Product articles Flyway Database Testing and Quality
Running Dynamic Code Quality Checks on…

Running Dynamic Code Quality Checks on Flyway Databases: Table Smells

How to extend the range of SQL code analysis, during database development, to include dynamic analysis of the database metadata. This will allow regular checks for problems with the design of your tables and indexes ("table smells") that can affect database performance and data integrity.

Guest post

This is a guest post from Phil Factor. Phil Factor (real name withheld to protect the guilty), aka Database Mole, has 30 years of experience with database-intensive applications.

Despite having once been shouted at by a furious Bill Gates at an exhibition in the early 1980s, he has remained resolutely anonymous throughout his career.

He is a regular contributor to Simple Talk and SQLServerCentral.

What is dynamic code analysis?

When you’re doing a routine build of a database, it is very useful to run a static code analysis. This is a SQL syntax check for mistakes or problems in the source code used to build or alter a database, which could reduce the performance and reliability of that database. Static code analysis will detect many common ‘code smells’ in your databases, but on its own it isn’t enough, because it will miss many of the mistakes or deficiencies that cause performance problems in a live database. You must also access the database metadata, through a live database connection, to check for missing indexes, duplicate indexes, and poorly designed tables, including tables that have no unique constraints at all, and tables that have no primary key (called ‘heaps’). These dynamic checks are best done using SQL to access the metadata functions.

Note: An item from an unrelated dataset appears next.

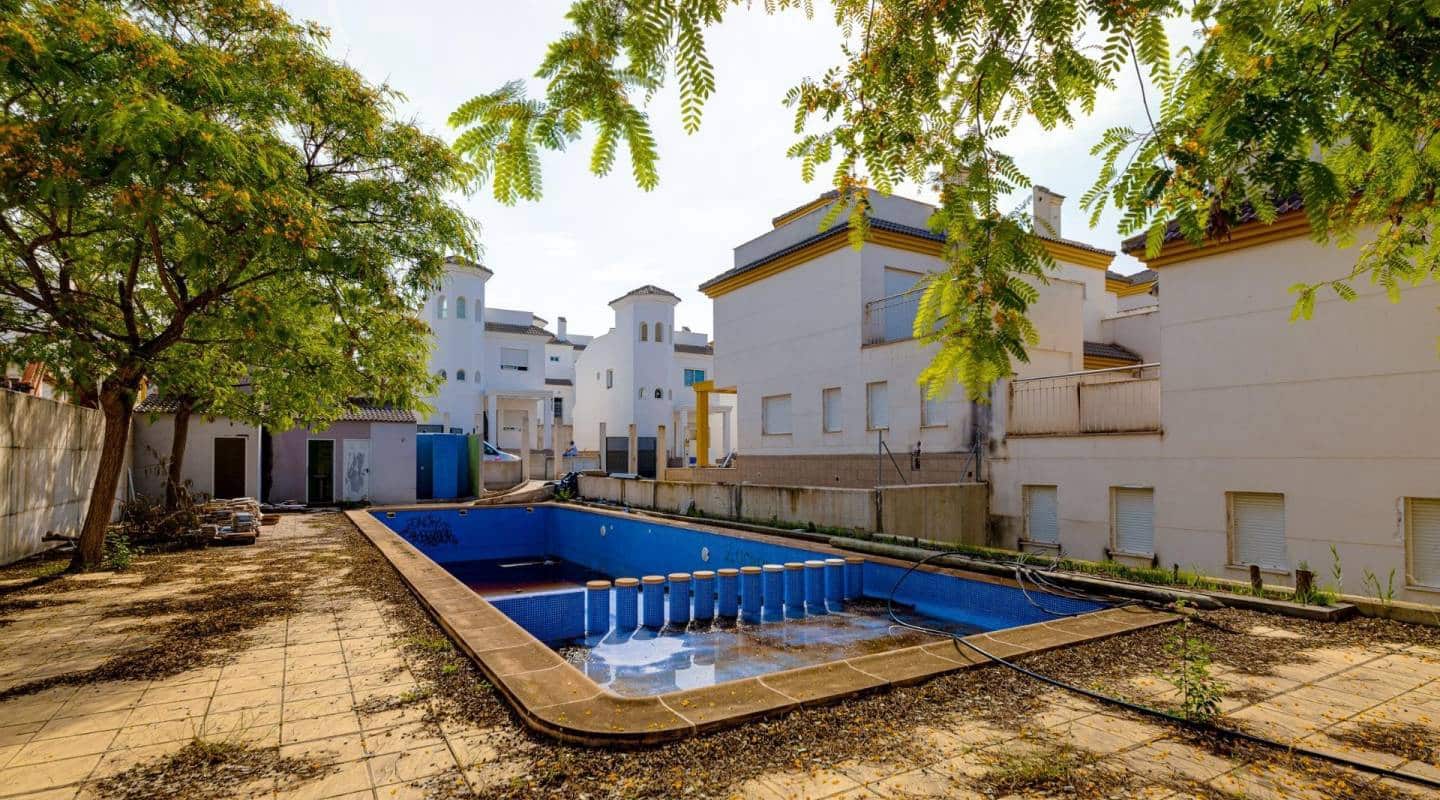 2 bedroom Villa for sale in San Fulgencio with pool - € 280,000 (Ref: 9611872)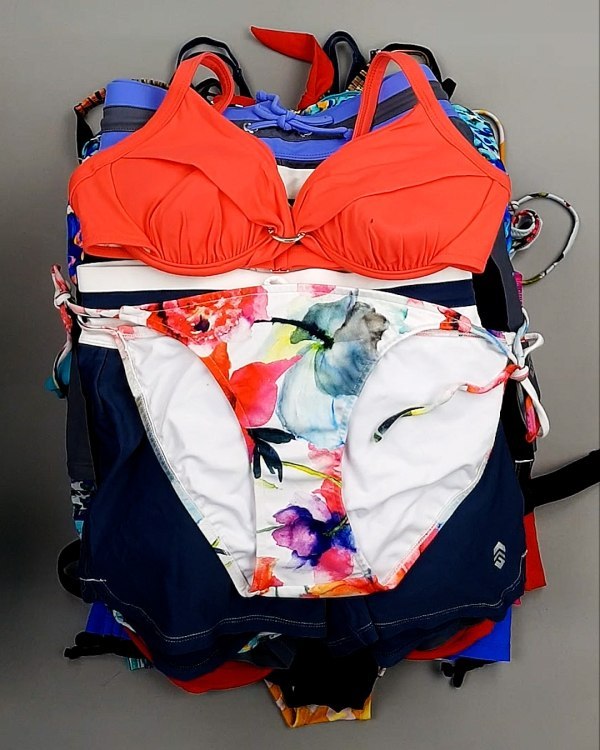 Фотография  968 - Купальники СТОК CAN 124#5 кг, ЛОТ №7686 оптом в Рязани и Рязанской области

You’ve all got favorite SQL scripts to find these sorts of problems, or ‘table smells’, and I have mine. The PowerShell automation I’ll demonstrate in this article will automatically run my SQL ‘metadata sniffer’ script on a Flyway-managed SQL Server database. I like to save the report in a JSON file because it is more easily processed by PowerShell. This article will demonstrate how to do that.

Why do we need dynamic code analysis?

If you do a regular full build as part of your database development cycle, you can be pretty sure that the result will be what the code intended. If, however, the database is being continuously migrated between versions, then this won’t necessarily be the case. For example, a fresh build of a database will have all constraints enabled. However, for an existing database that you are migrating, you may find out that, at some point, a developer disabled all constraints for a table, or for all tables, to do a data import, and then forgot to switch them back on. That sort of change could linger in the migrated database, undetected by Flyway or by static code analysis, and can sometimes make its way into migrations run on the production database.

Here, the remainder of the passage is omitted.